WORK INSTRUCTION: Find the line in the entries below that contains "Hansel and Gretel | Witch Hunt". Repeat it exactly, and every line after it through the line that contains "Pare choc avant".

[Stored items]
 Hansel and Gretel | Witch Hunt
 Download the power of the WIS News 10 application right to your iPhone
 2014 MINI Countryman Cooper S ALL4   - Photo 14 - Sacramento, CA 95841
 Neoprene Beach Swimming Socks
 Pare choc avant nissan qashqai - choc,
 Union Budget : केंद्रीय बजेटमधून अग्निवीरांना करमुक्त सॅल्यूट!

...

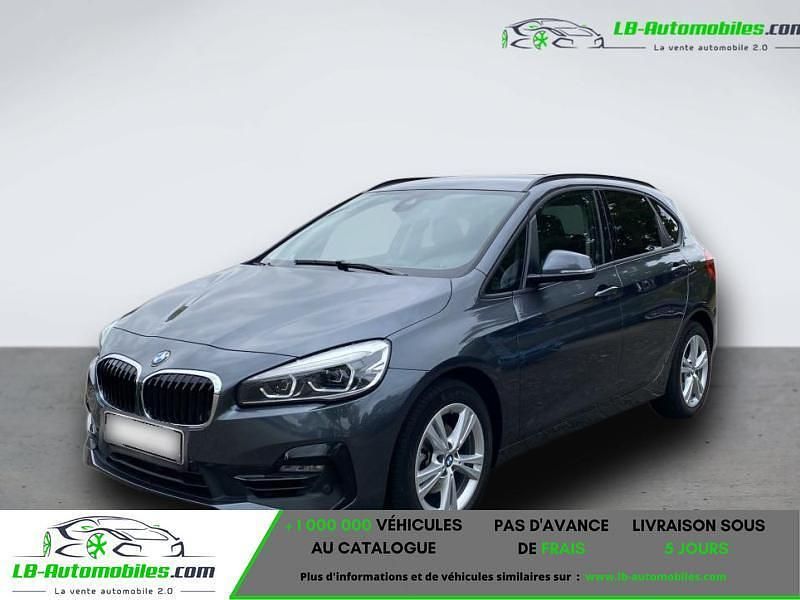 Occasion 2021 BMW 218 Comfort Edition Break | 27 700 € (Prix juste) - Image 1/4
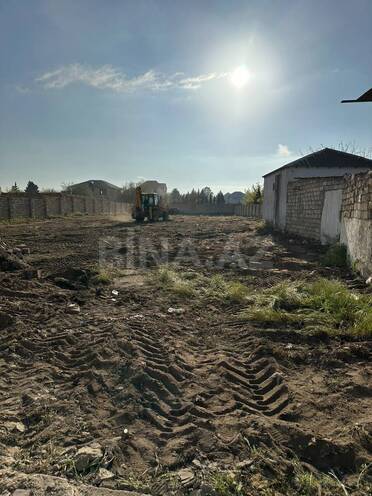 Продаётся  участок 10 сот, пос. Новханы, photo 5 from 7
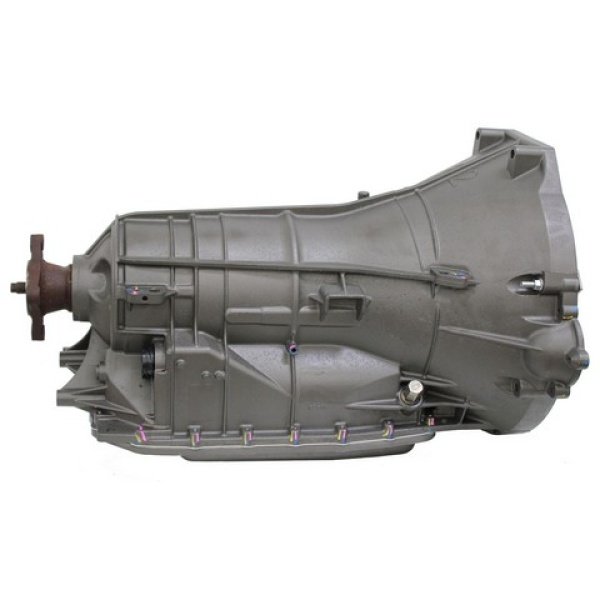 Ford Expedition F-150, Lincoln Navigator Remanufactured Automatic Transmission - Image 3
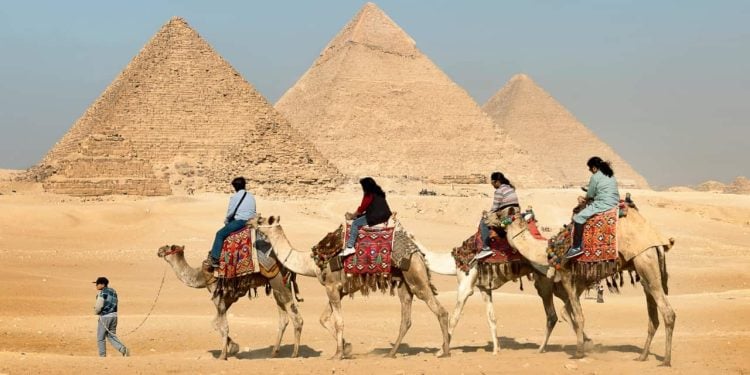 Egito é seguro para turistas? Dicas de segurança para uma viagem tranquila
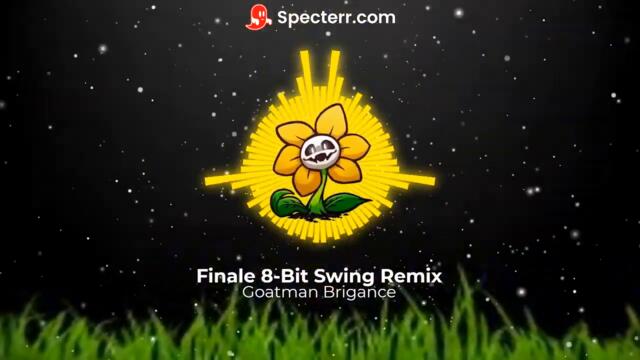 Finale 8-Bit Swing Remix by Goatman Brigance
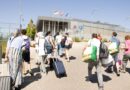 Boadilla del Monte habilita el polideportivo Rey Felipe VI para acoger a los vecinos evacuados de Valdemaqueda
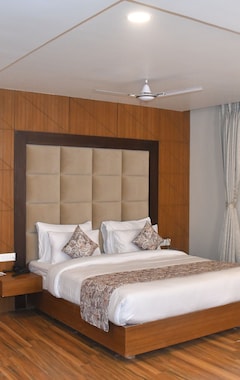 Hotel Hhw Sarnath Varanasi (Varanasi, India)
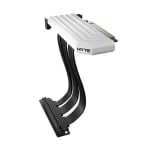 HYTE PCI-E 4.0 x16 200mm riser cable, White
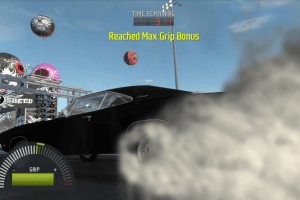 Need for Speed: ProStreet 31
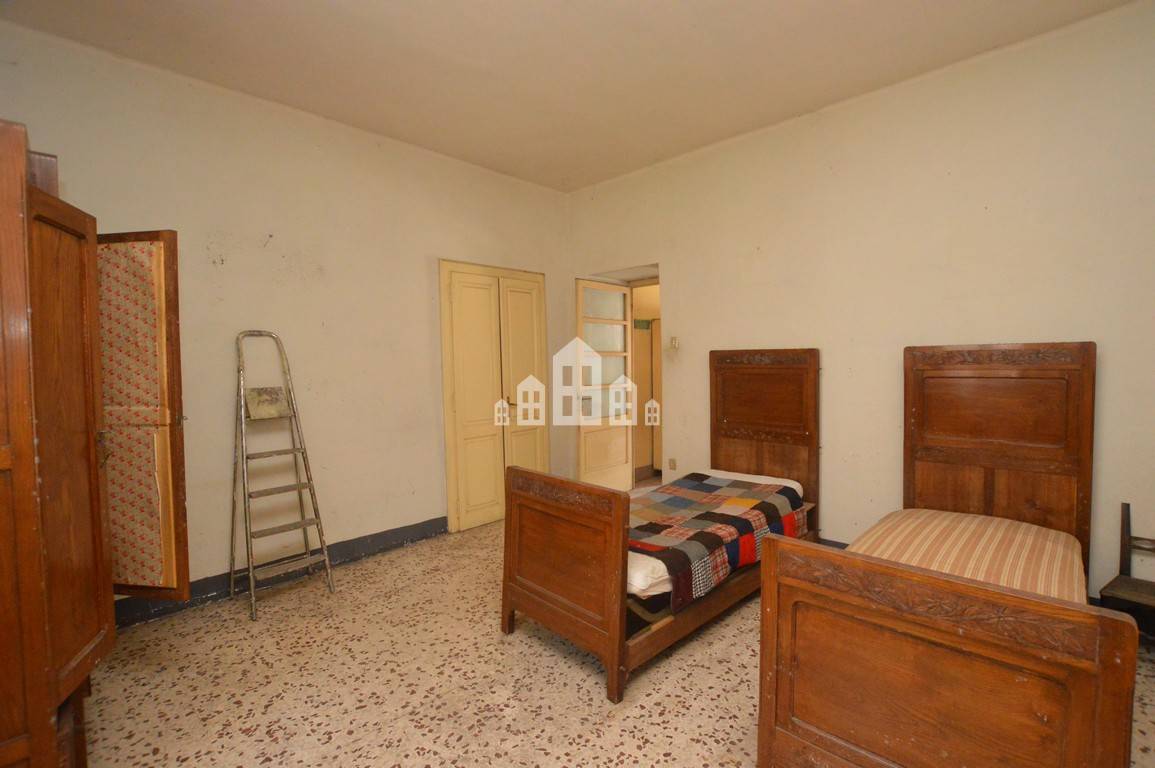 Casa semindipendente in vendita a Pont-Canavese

EXERCISE OUTPUT:
 Hansel and Gretel | Witch Hunt
 Download the power of the WIS News 10 application right to your iPhone
 2014 MINI Countryman Cooper S ALL4   - Photo 14 - Sacramento, CA 95841
 Neoprene Beach Swimming Socks
 Pare choc avant nissan qashqai - choc,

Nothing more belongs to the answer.